Sunday, 22 October 2017

The Problem with the FTA

Well, it's a problem.  There are other problems, and the problem I am about to describe might not even be the biggest problem that the fine-tuning argument has.  But it's snappy title for a post.  (Oh, and I mean the Fine Tuning Argument not the Free Trade Agreement ...)

When people like Luke Barnes go on and on about all the limitations on physics and cosmology that you'd be faced with if you were building a universe from scratch in order to ensure that (intelligent) life existed in it, they eventually reach a point in which their expertise is no longer relevant to the argument.  Basically, if we were wondering about the magnitude of the design problem, trying to come up with a figure that describes how unlikely it would be that a life permitting universe would be the result if we just threw the "randomise" switch, then Barnes has something to bring to the table.  But once we've arrived at a figure, say that there's only one chance in 10^240 that a universe like ours would result, then Barnes' training in astrophysics is no longer relevant, he's still a smart guy, but he can't wave his doctorate around anymore and pretend that it means anything.

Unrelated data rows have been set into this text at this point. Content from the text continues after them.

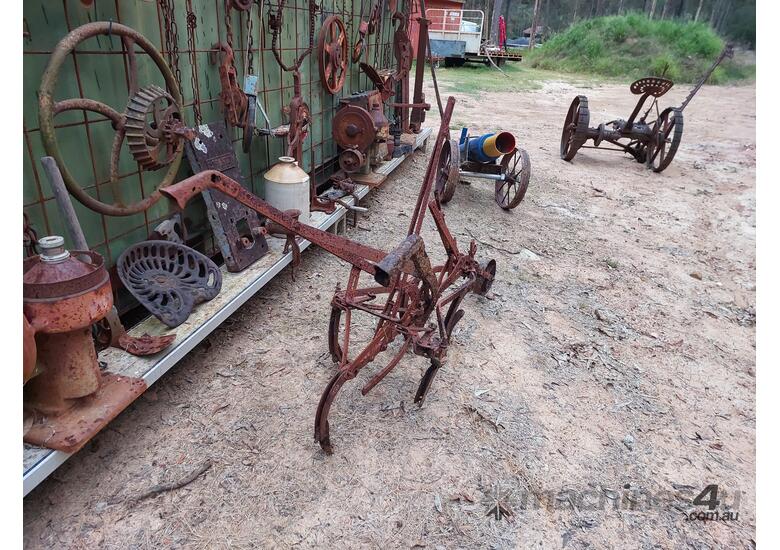 caption Vintage Hand Cultivator
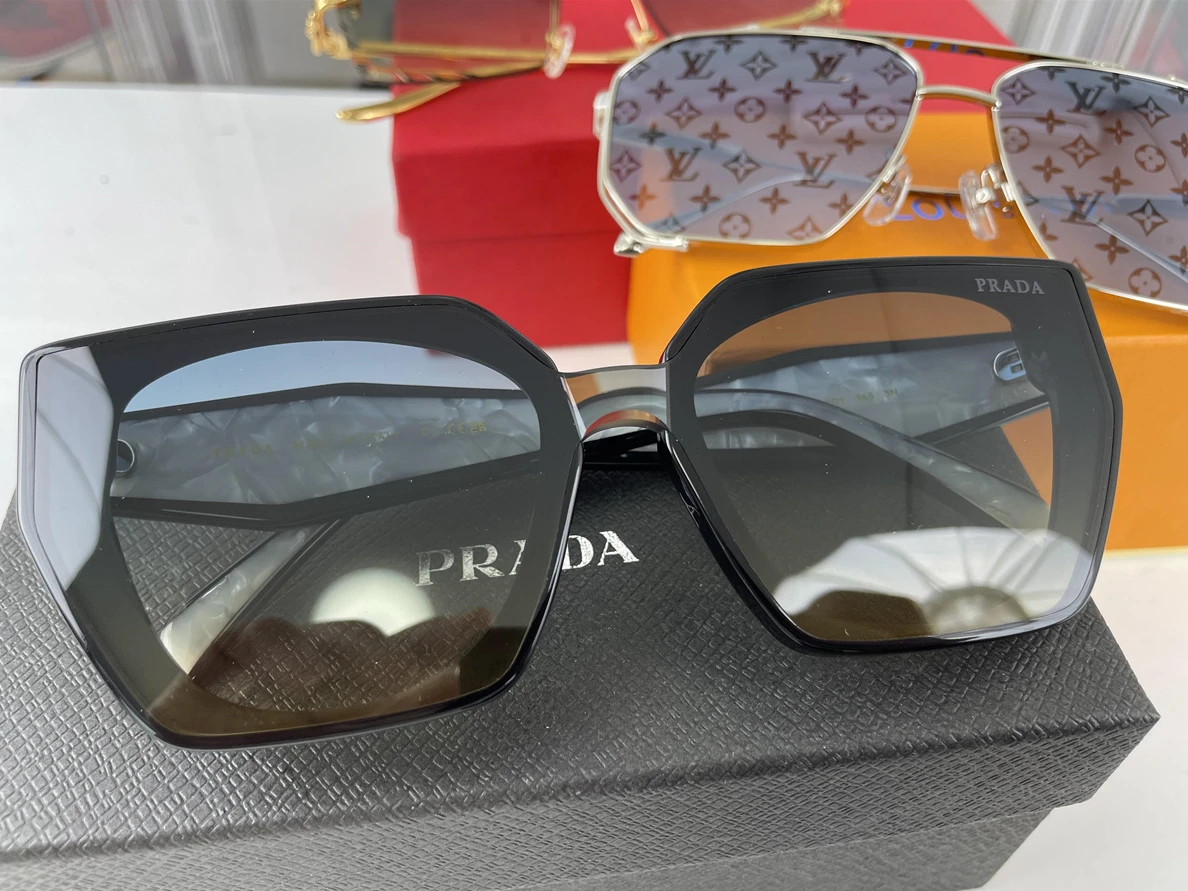 Sunglasses for different brands (price for each pcs) UrbanStyle 361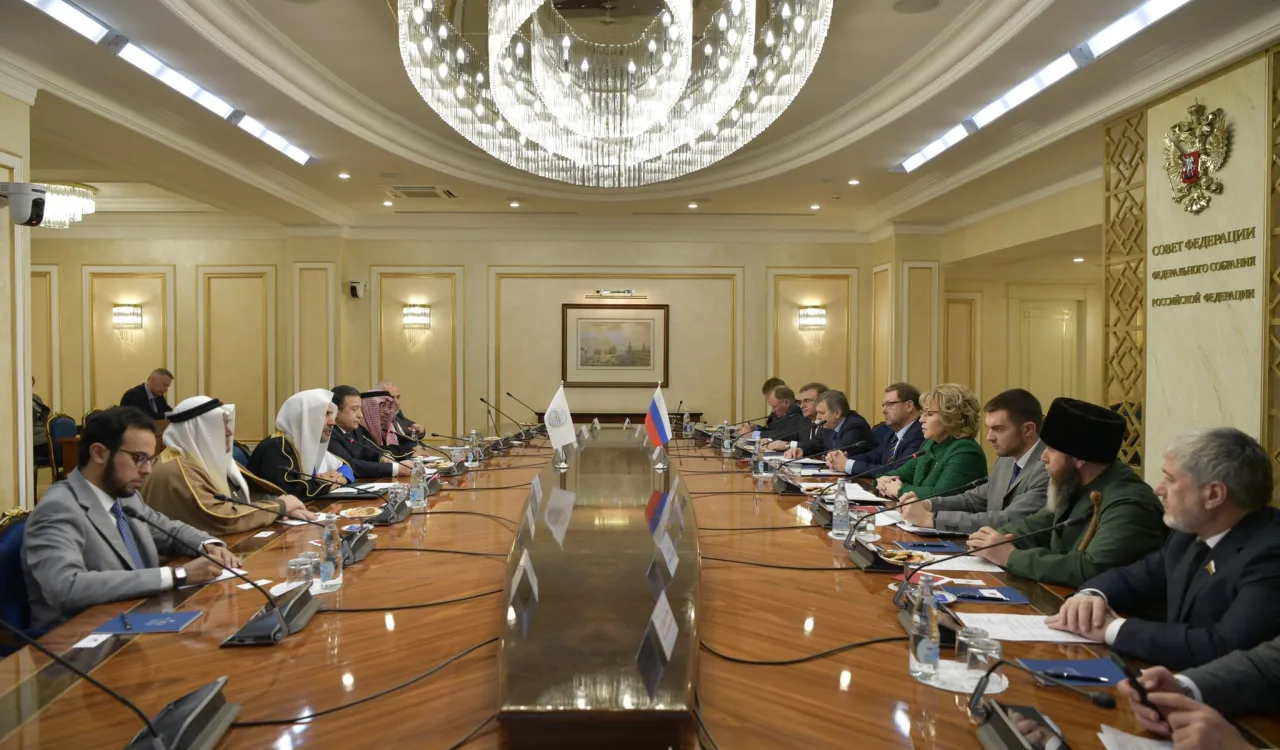 La Présidente du Parlement russe Mme Valentina Matviyenko recevant le D. Mohammad Alissa à Moscou :«Le congrès de la Ligue en Russie est historique de par sa dimension et son contenu »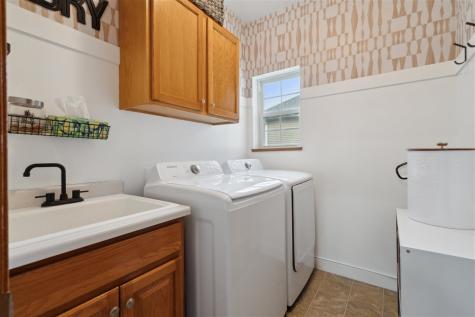 4035 Monarch Avenue Marion IA 52302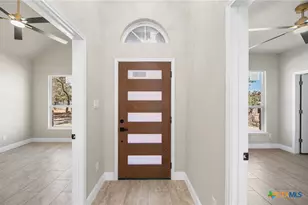 23102 Shady Forest Dr, Elmendorf, TX 78112 - Photo 5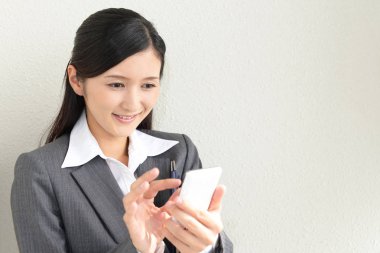 bir akıllı telefon kullanan iş kadın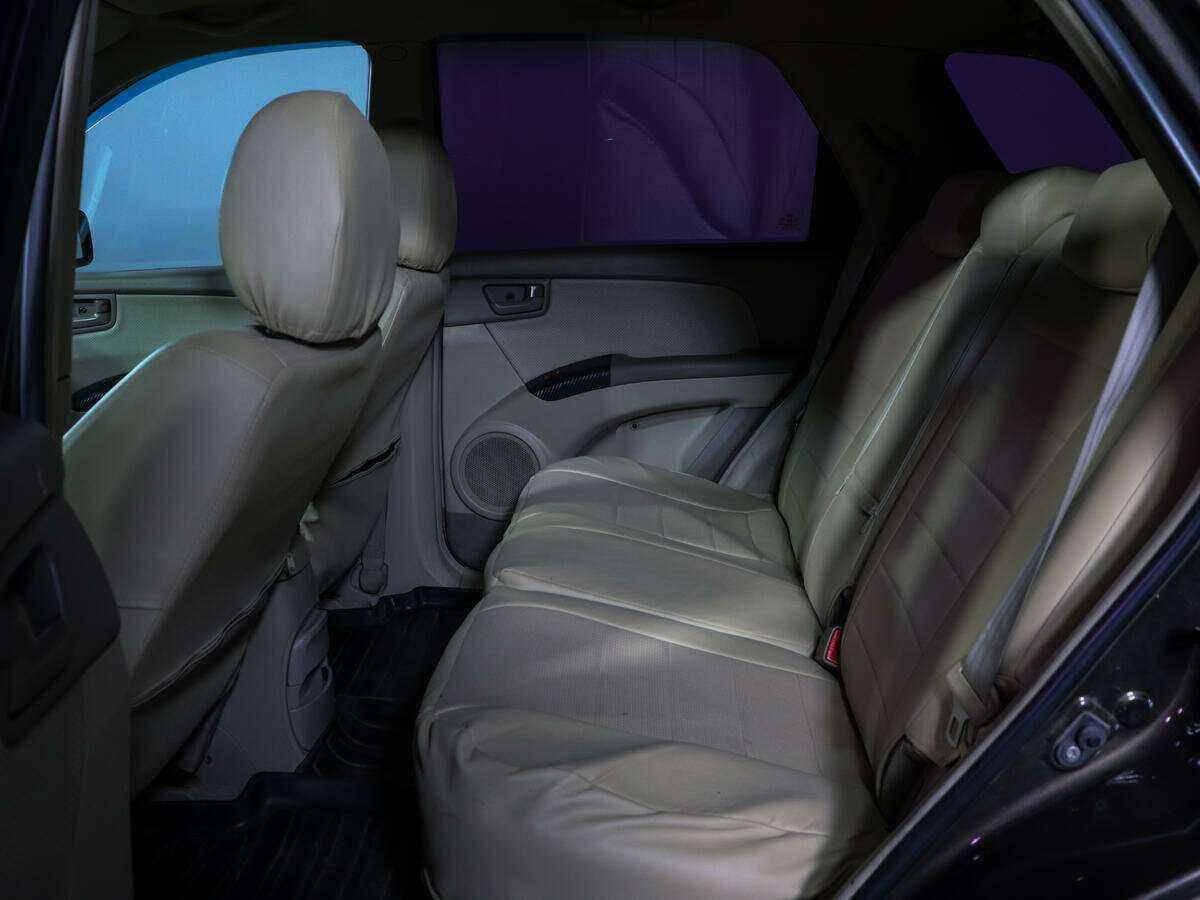 Kia Sportage с пробегом — 2005 год. Фото: #9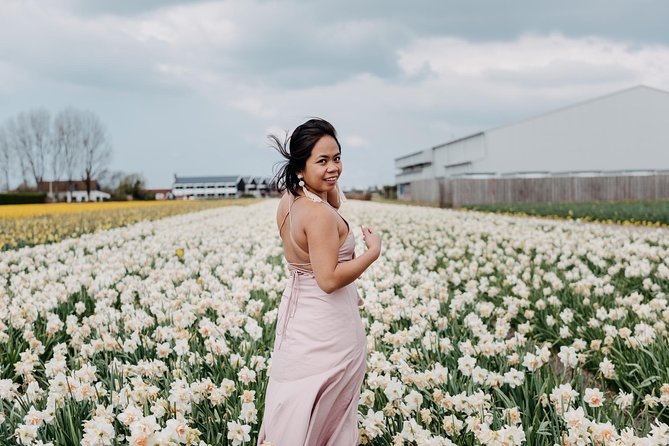 Personal Travel and Vacation Photographer Tour in Amsterdam - Is $220.21 good value for up to four people?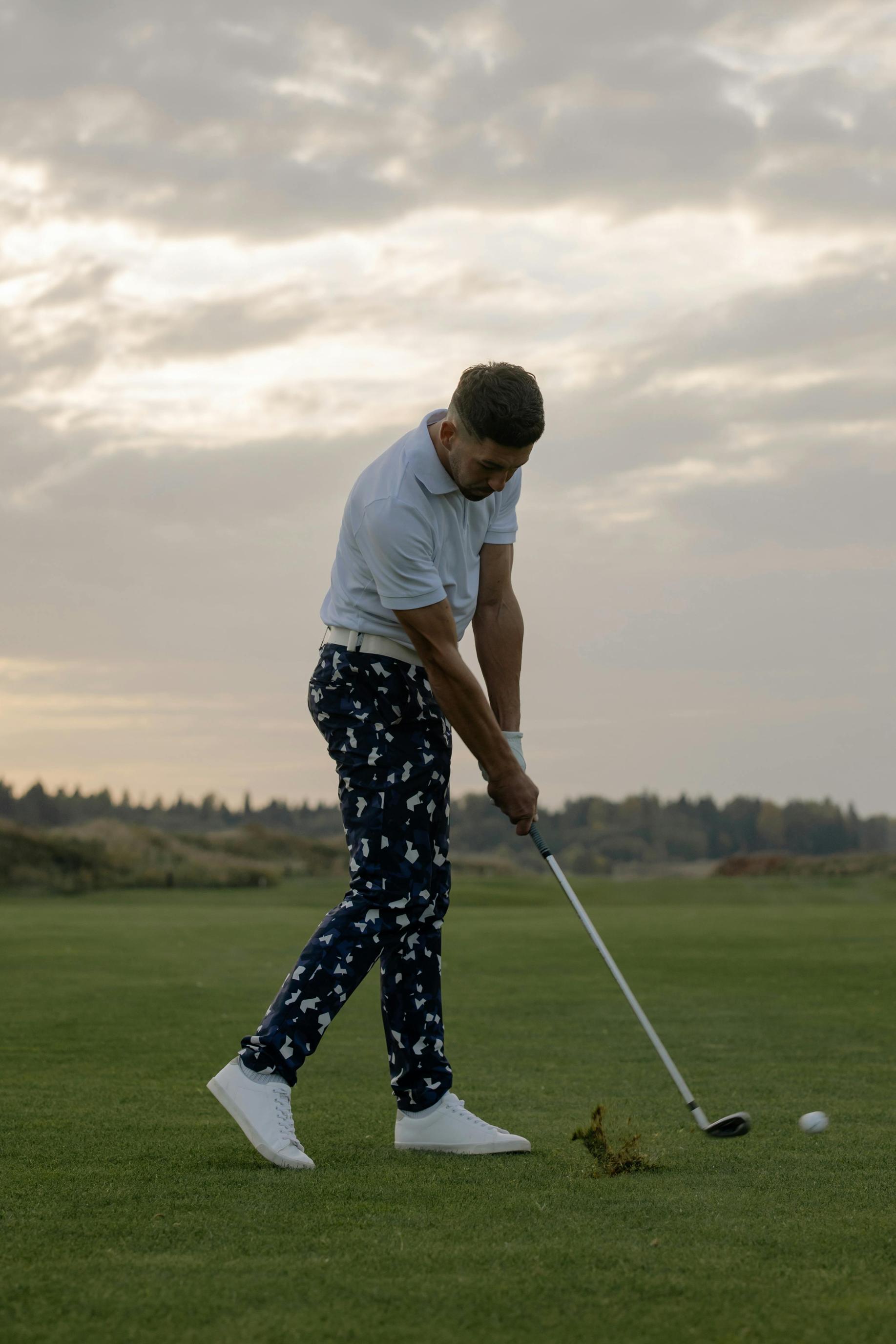 cómo dejar de tirar la bola de golf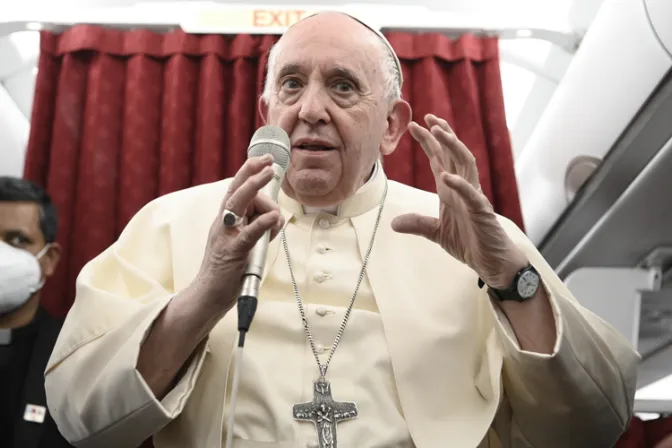 Papa Francisco reza el Ángelus en el avión con los periodistas que lo acompañan a Canadá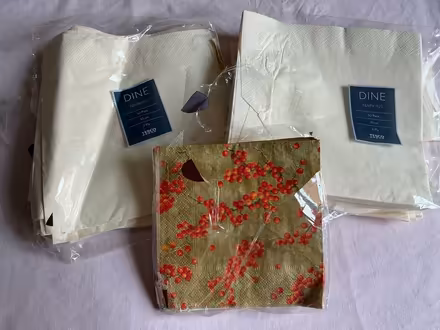 Photo of free Paper napkins (Walkley S6) #1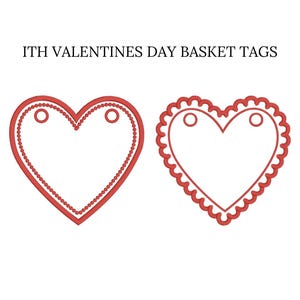 Op de afbeelding: Twee rode hartvormige mandlabels met witte centra en kleine gaatjes om op te hangen. Eén hart heeft een kralenrand en de andere heeft een geschulpte rand. De tekst "ITH VALENTINES DAY BASKET TAGS" staat bovenaan.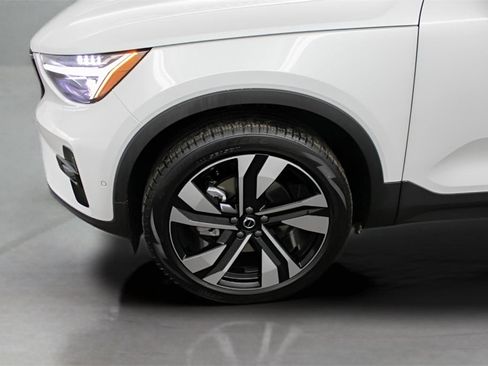 New 2025 Volvo XC40 B5 Plus image 11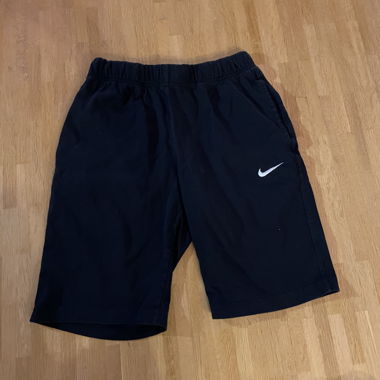BLACK NIKE SHORTS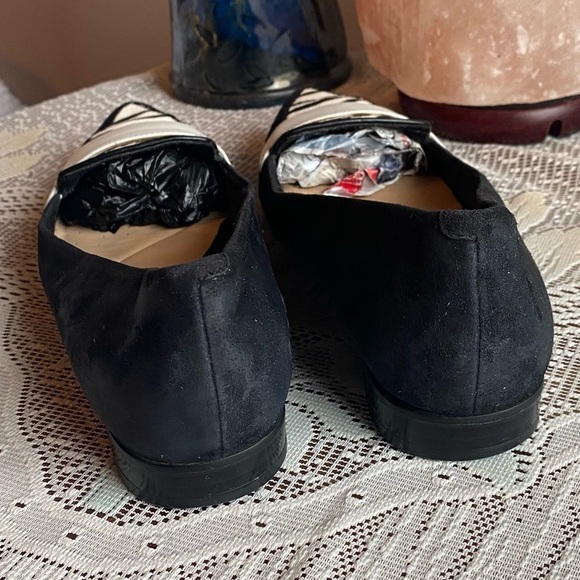 Clarks Laina Zebra Print Black Suede Loafer Flat Pointed Sample shoe size 7.5 - Picture 12 of 13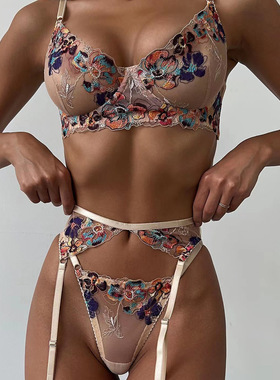 Комплект нижнего белья聚拢刺绣内衣套装 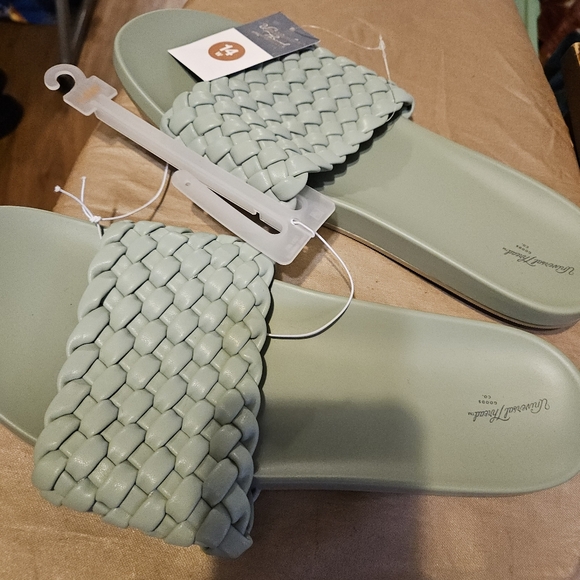 Universal Thread Women’s Polly Woven Slide Sandals Size 14 wide - Picture 3 of 4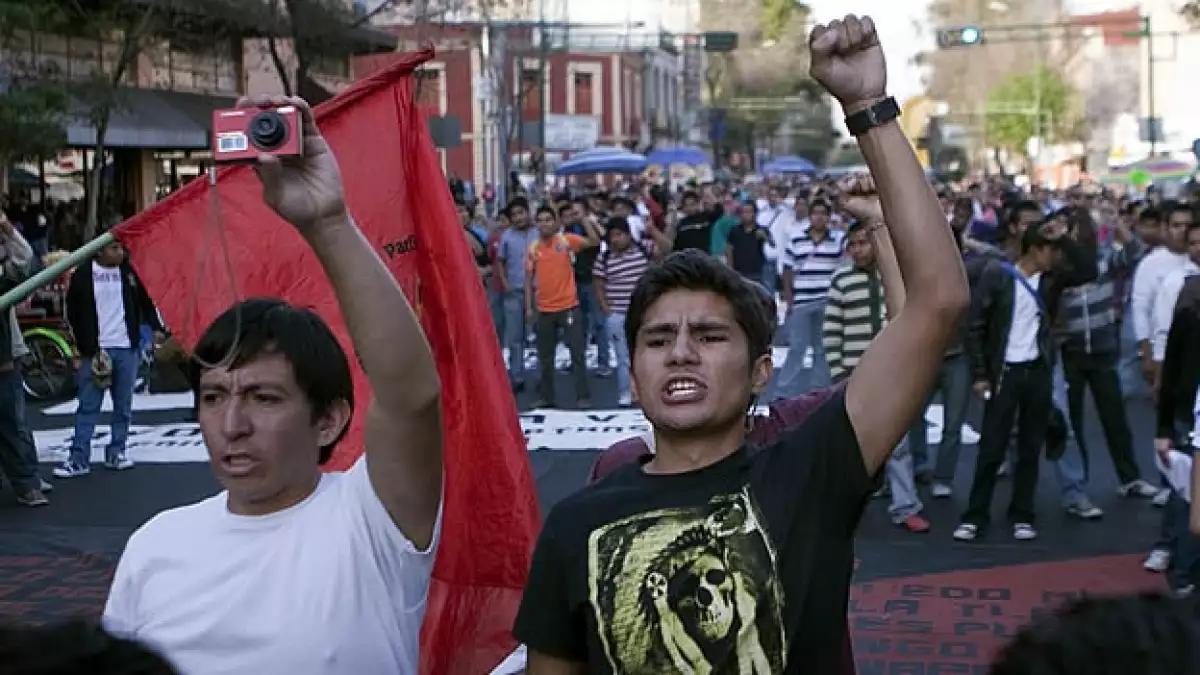 marcha de alumnos de ayotzinapa en el DF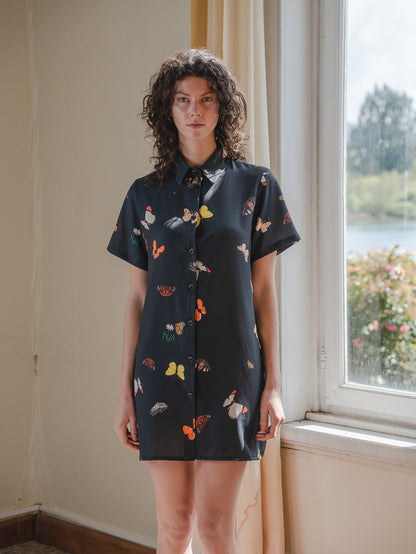 CAMISA BOTONERA LARGA MARIPOSAS NEGRO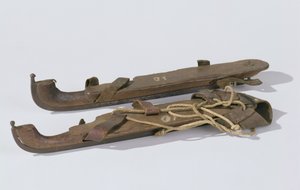 Pár bruslí, 1825-75 (dřevo, železo, kůže, vlákno)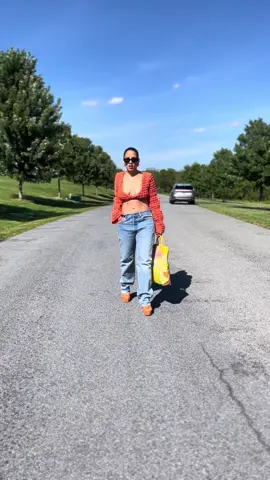 My favorite  outfit so far this summer  🍊🧡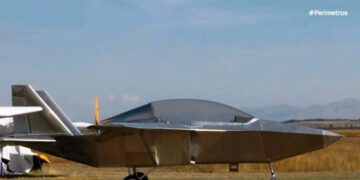 Φλώρινα: Συνταξιούχος αστυνομικός σχεδιάζει και εξάγει αεροσκάφη – το νέο μοντέλο θυμίζει «στέλθ»! (Βίντεο)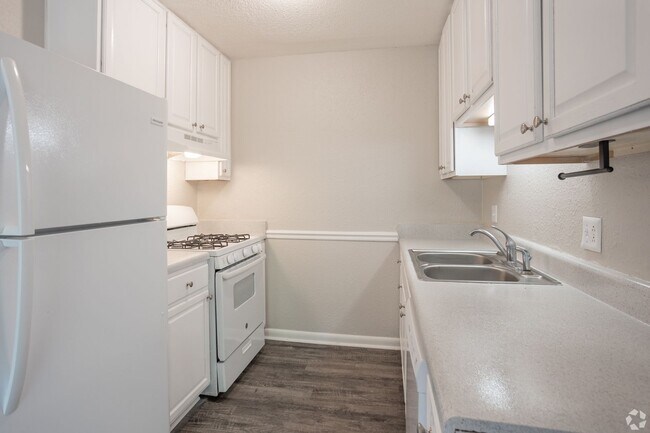 Building Photo - 25 Creekside Cir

In brief, what Barnes can do is help us focus in on whether the universe as it is unlikely, very unlikely or very very freaking unlikely.  He argues for something in the region of very very freaking unlikely.

Now, here's the problem.

To try to explain it, I am going to use an analogy.  It's not a perfect analogy and certain elements of it aren't strictly relevant, they are just there as part of the narrative to help explain the key point.


Say you are given an urn.  In the urn you see there is a little pork sausage.  This means that you have in your hands an LSU or an LPU, Little pork Sausage Urn or Little Pork sausage Urn, depending on your point of view.  These acronyms might seem completely arbitrary to some readers, but they’re not.  LSU and LPU are common acronyms in the discussion of fine-tuning and mean “life supporting (or sustaining) universe” and “life-permitting universe”.  The latter seems more common, perhaps because LSU is also used by Louisiana State University.  Let’s avoid confusion and talk about the Little Pork sausage Urn.

What is the probability that you have, in your hands, an LPU?  You could think about all the things that could possibly be in the urn: a balls, a sock, a small beaver, a cat, an alarm clock, a stone, the list of potential items is literally endless (using "literally" in sense of "not literally").  Thinking of it that way, you could say it's one in a bazillion, or one in 2 gazillion, or something like that.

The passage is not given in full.